Extracted data entries
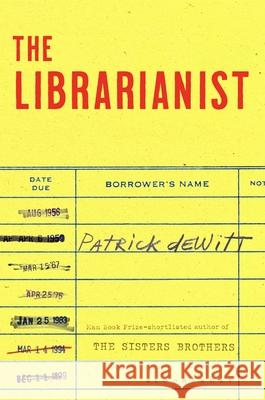 The Librarianist deWitt Patrick deWitt 9781526646934 Bloomsbury Publishing (UK)
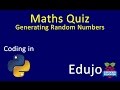 04 Python: Maths Quiz - Generating Random Numbers - Edujo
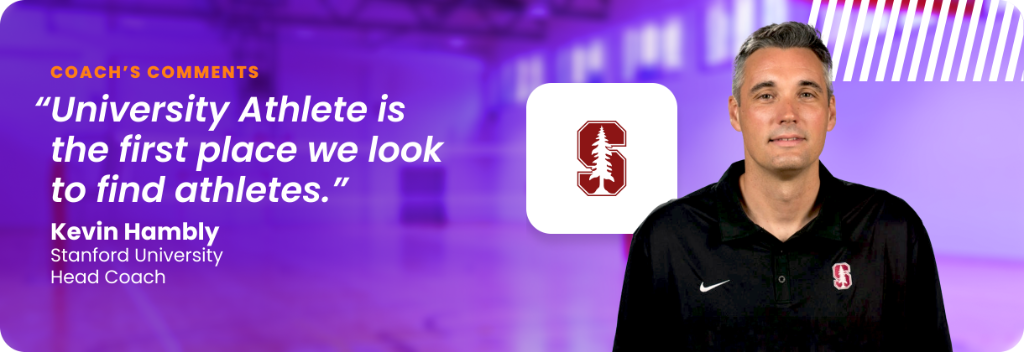 Kevin Hambly, Head Coach at Stanford University: "University Athlete is the first place we look to find athletes."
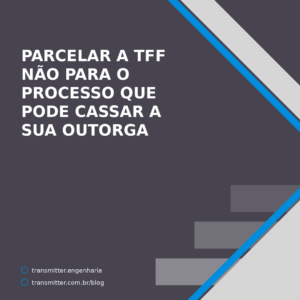 Parcelar a TFF não para o processo que pode cassar a sua outorga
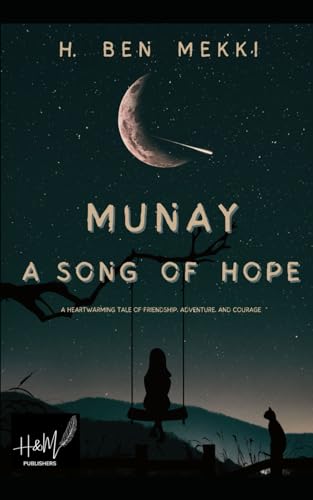 Stock image for Munay A Song of Hope: A heartwarming tale of friendship, adventure, and courage for sale by Ria Christie Collections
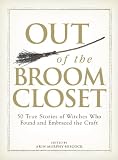Out of the Broom Closet: 50 True Stories of Witches Who Found and Embraced the Craft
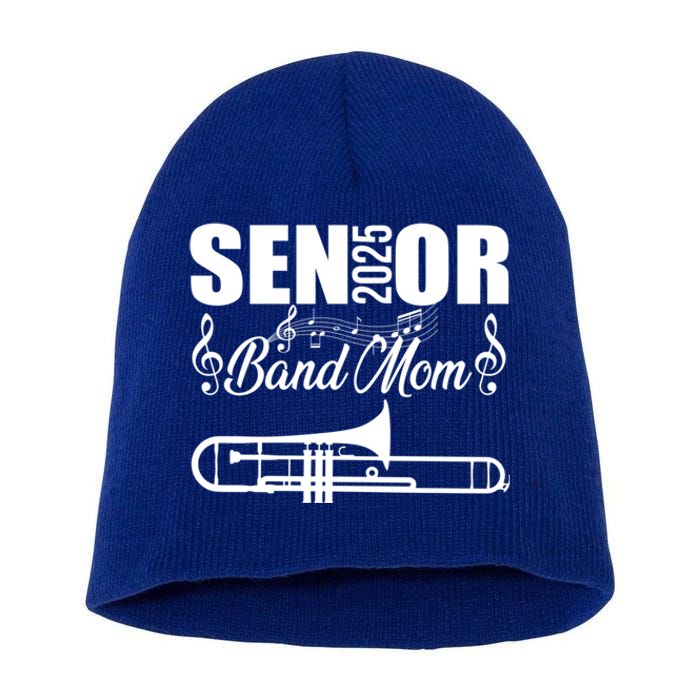 Senior Band Mom 2025 Marching Band Class Of 2025 Trombone Gift Short Acrylic Beanie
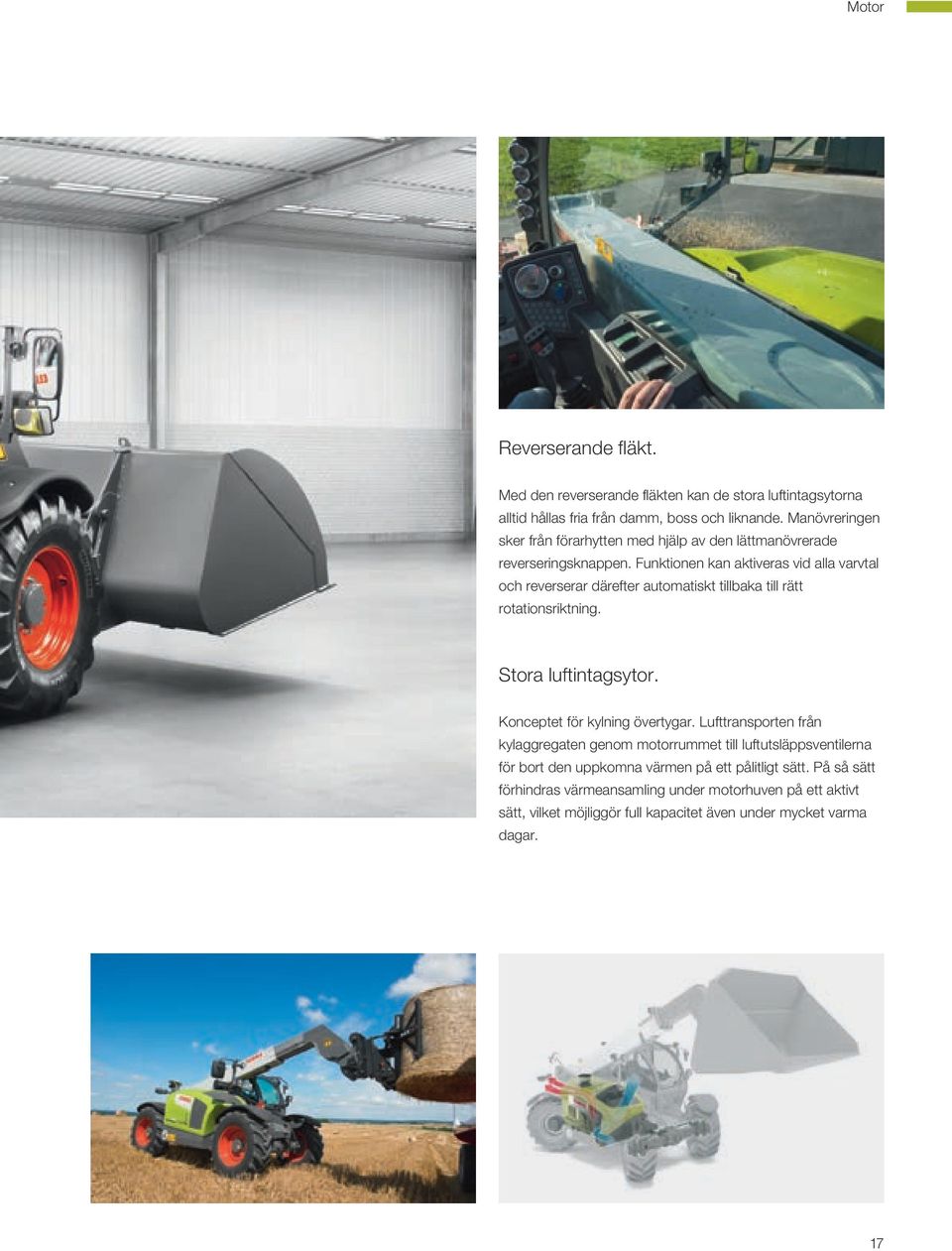 Funktionen kan aktiveras vid alla varvtal och reverserar därefter automatiskt tillbaka till rätt rotationsriktning. Stora luftintagsytor.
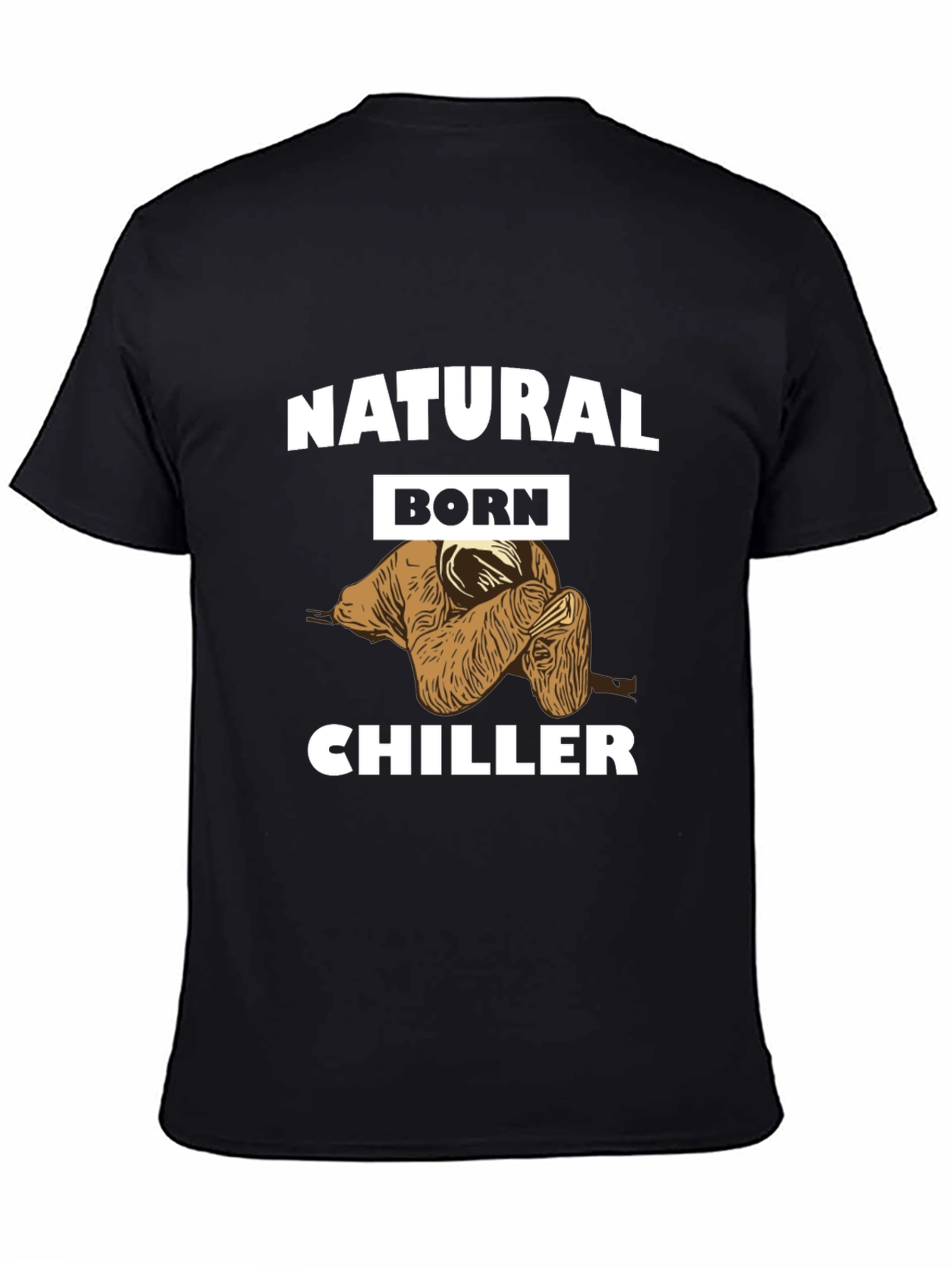 Natural Born Chiller Sloth T-Shirt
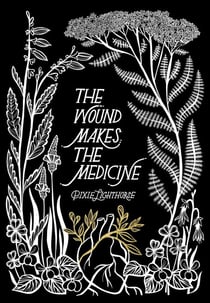 The Wound Makes the Medicine - Elemental Remediations for Transforming Heartache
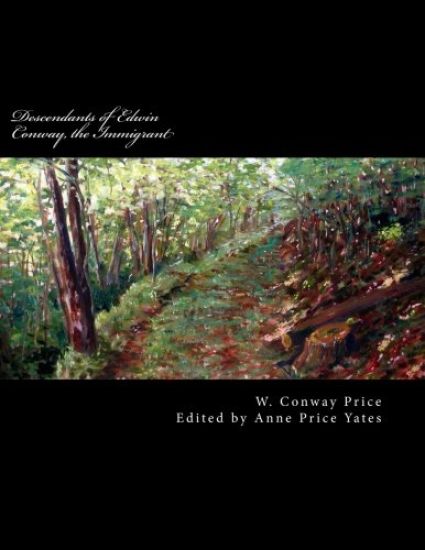 Descendants of Edwin Conway, the Immigrant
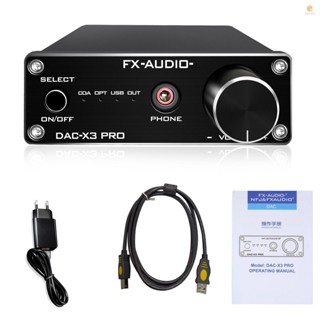 Tosw)fx-audio X3PRO DAC เครื่องขยายเสียงหูฟังดิจิทัล เป็นอะนาล็อก ออปติคอล ปลั๊ก EU DC5V สีดํา สําหรับรถยนต์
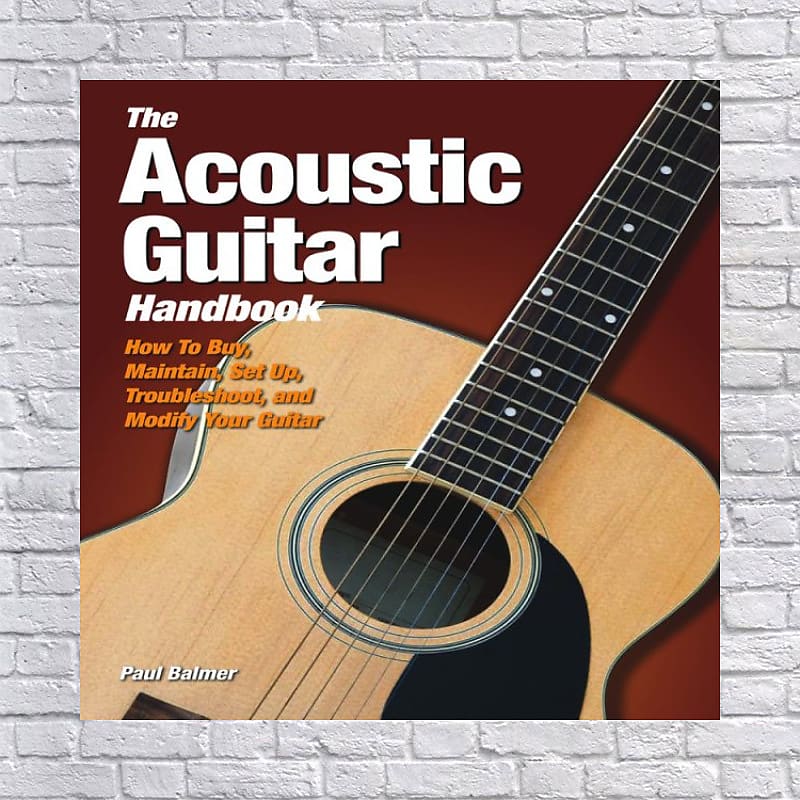 The Acoustic Guitar Handbook: How to Buy, Maintain, Set Up, | Reverb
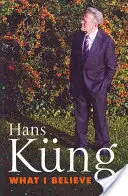 Was ich glaube - What I Believe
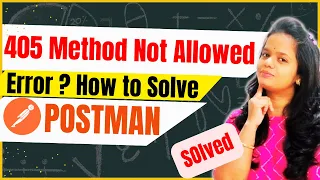 What Is 405 Method Not Allowed And How to Solve It How to fix 405 in Postman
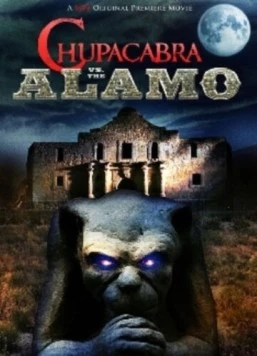 Чупакабра против Аламо / Chupacabra vs. the Alamo (2013) фильм смотреть онлайн в хорошем качестве
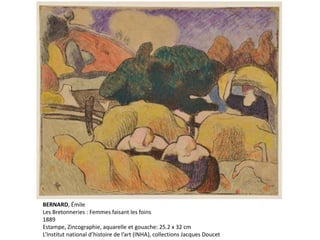 BERNARD, Émile
Les Bretonneries : Femmes faisant les foins
1889
Estampe, Zincographie, aquarelle et gouache: 25.2 x 32 cm
L’Institut national d’histoire de l’art (INHA), collections Jacques Doucet
 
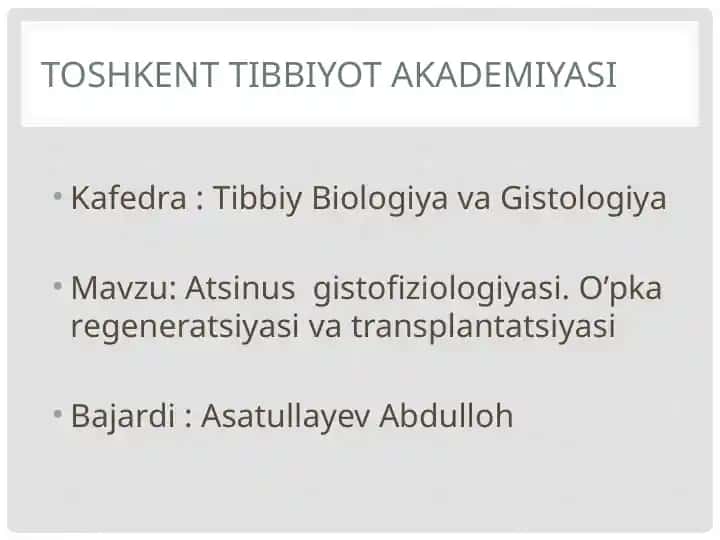 Atsinus gistofiziologiyasi. O’pka regeneratsiyasi va transplantatsiyasi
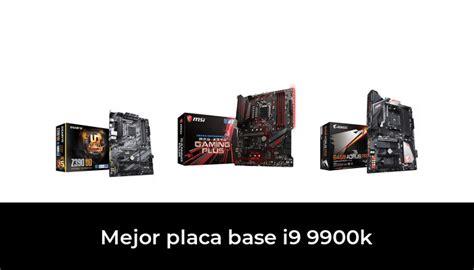 48 Mejor Placa Base I9 9900k En 2022 Basado En 9977 Comentarios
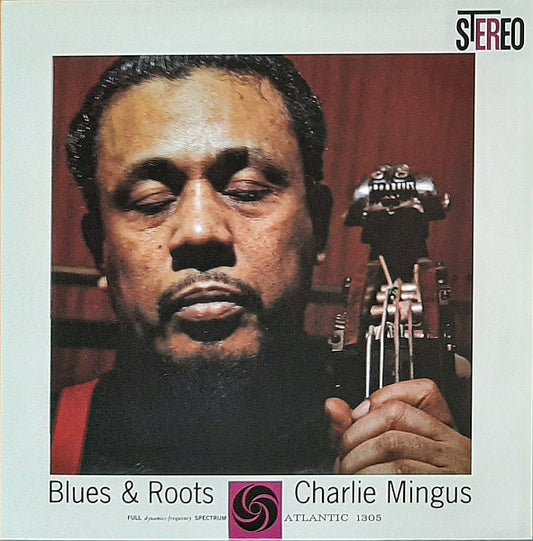 Charlie Mingus* : Blues & Roots (2x12", Album, RE, RM, RTI)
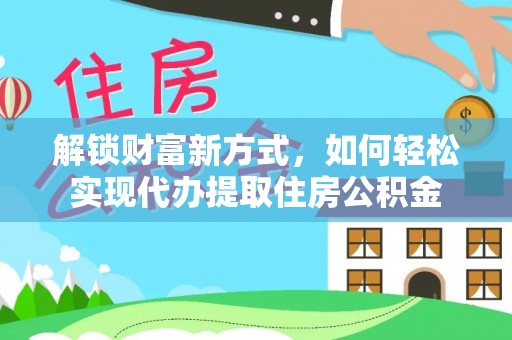 思明解锁财富新方式，如何轻松实现代办提取住房公积金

• _TRY IT_:
What you return must match the lines from the top of the data through the line with "BERNARD, Émile" exactly, with the pictures removed.

• _RESPONSE_:
 The Librarianist deWitt Patrick deWitt 9781526646934 Bloomsbury Publishing (UK)
 04 Python: Maths Quiz - Generating Random Numbers - Edujo
 Kevin Hambly, Head Coach at Stanford University: "University Athlete is the first place we look to find athletes."
 Parcelar a TFF não para o processo que pode cassar a sua outorga
 Stock image for Munay A Song of Hope: A heartwarming tale of friendship, adventure, and courage for sale by Ria Christie Collections
Out of the Broom Closet: 50 True Stories of Witches Who Found and Embraced the Craft
 Senior Band Mom 2025 Marching Band Class Of 2025 Trombone Gift Short Acrylic Beanie
 Funktionen kan aktiveras vid alla varvtal och reverserar därefter automatiskt tillbaka till rätt rotationsriktning. Stora luftintagsytor.
 Natural Born Chiller Sloth T-Shirt
 The Wound Makes the Medicine - Elemental Remediations for Transforming Heartache
 Descendants of Edwin Conway, the Immigrant
 Tosw)fx-audio X3PRO DAC เครื่องขยายเสียงหูฟังดิจิทัล เป็นอะนาล็อก ออปติคอล ปลั๊ก EU DC5V สีดํา สําหรับรถยนต์
 The Acoustic Guitar Handbook: How to Buy, Maintain, Set Up, | Reverb
 Was ich glaube - What I Believe
 What Is 405 Method Not Allowed And How to Solve It How to fix 405 in Postman
 Чупакабра против Аламо / Chupacabra vs. the Alamo (2013) фильм смотреть онлайн в хорошем качестве
 BERNARD, Émile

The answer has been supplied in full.